Here’s an example of the kinds of prompts I’ve been running in Claude Code inside the container:

I want to run https://huggingface.co/unsloth/Qwen3-4B-GGUF using llama.cpp - figure out how to get llama cpp working on this machine such that it runs with the GPU, then install it in this directory and get that model to work to serve a prompt. Goal is to get this command to run: llama-cli -hf unsloth/Qwen3-4B-GGUF -p "I believe the meaning of life is" -n 128 -no-cnv

That one worked flawlessly—Claude checked out the llama.cpp repo, compiled it for me and iterated on it until it could run that model on the GPU. Here’s a full transcript, converted from Claude’s .jsonl log format to Markdown using a script I vibe coded just now.

I later told it:

Write out a markdown file with detailed notes on what you did. Start with the shortest form of notes on how to get a successful build, then add a full account of everything you tried, what went wrong and how you fixed it.

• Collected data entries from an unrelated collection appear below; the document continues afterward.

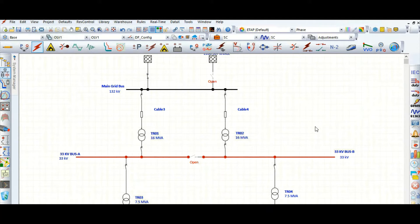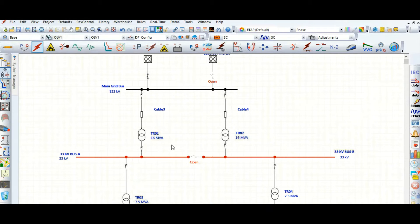This video covers how to present the transformer neutral grounding system — whether it is solidly grounded, resistance grounded, or reactance grounded — and how to assign the NGR values for the transformer. We'll understand why it is required to restrict the single line-to-ground fault at different voltage levels, and how the neutral grounding resistor is used to calculate the LG fault current.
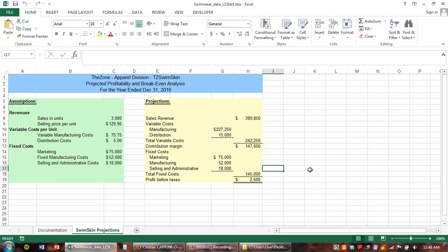We are on Chapter 8, Level 1. Page 492 of your text is where we're at. What we're doing in this chapter is the Zone has a new swimwear line that it's considering bringing to market. We are Richard Rayburn, who is the Vice President of Marketing, and we're going to evaluate the profitability of this new swimwear line. To do that, we're going to do a break-even analysis and some sensitivity analysis.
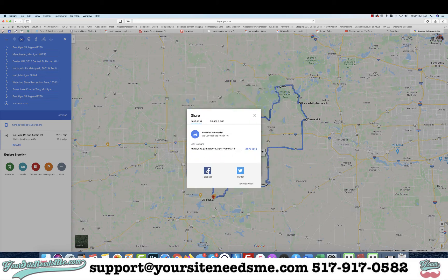You can even send it on Facebook. And that's how you create a custom Google map with stops along the way and driving directions. I hope this helped — if you have any questions give us a call or shoot me an email at support@yoursiteneeds.me and have a great day.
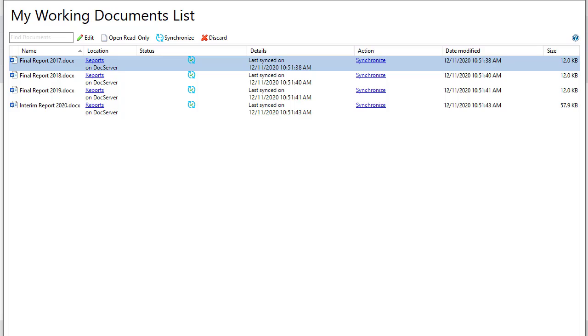This video shows how to use my working documents list, which stores your recently edited documents. You can use my working documents list to work with these documents without having to go to SmartView.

Which produced this handy set of notes.

Tailscale was made for this

Having a machine like this on my local network is neat, but what’s even neater is being able to access it from anywhere else in the world, from both my phone and my laptop.

Tailscale is perfect for this. I installed it on the Spark (using the Ubuntu instructions here), signed in with my SSO account (via Google)... and the Spark showed up in the “Network Devices” panel on my laptop and phone instantly.

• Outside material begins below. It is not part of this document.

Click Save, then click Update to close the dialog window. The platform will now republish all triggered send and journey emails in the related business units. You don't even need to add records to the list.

I can SSH in from my laptop or using the Termius iPhone app on my phone. I’ve also been running tools like Open WebUI which give me a mobile-friendly web interface for interacting with LLMs on the Spark.

Here comes the ecosystem

The embargo on these devices dropped yesterday afternoon, and it turns out a whole bunch of relevant projects have had similar preview access to myself. This is fantastic news as many of the things I’ve been trying to figure out myself suddenly got a whole lot easier.

Four particularly notable examples:

• Ollama works out of the box. They actually had a build that worked a few weeks ago, and were the first success I had running an LLM on the machine.
• llama.cpp creator Georgi Gerganov just published extensive benchmark results from running llama.cpp on a Spark. He’s getting ~3,600 tokens/second to read the prompt and ~59 tokens/second to generate a response with the MXFP4 version of GPT-OSS 20B and ~817 tokens/second to read and ~18 tokens/second to generate for GLM-4.5-Air-GGUF.
• LM Studio now have a build for the Spark. I haven’t tried this one yet as I’m currently using my machine exclusively via SSH.
• vLLM—one of the most popular engines for serving production LLMs—had early access and there’s now an official NVIDIA vLLM NGC Container for running their stack.

Should you get one?

It’s a bit too early for me to provide a confident recommendation concerning this machine. As indicated above, I’ve had a tough time figuring out how best to put it to use, largely through my own inexperience with CUDA, ARM64 and Ubuntu GPU machines in general.

The ecosystem improvements in just the past 24 hours have been very reassuring though. I expect it will be clear within a few weeks how well supported this machine is going to be.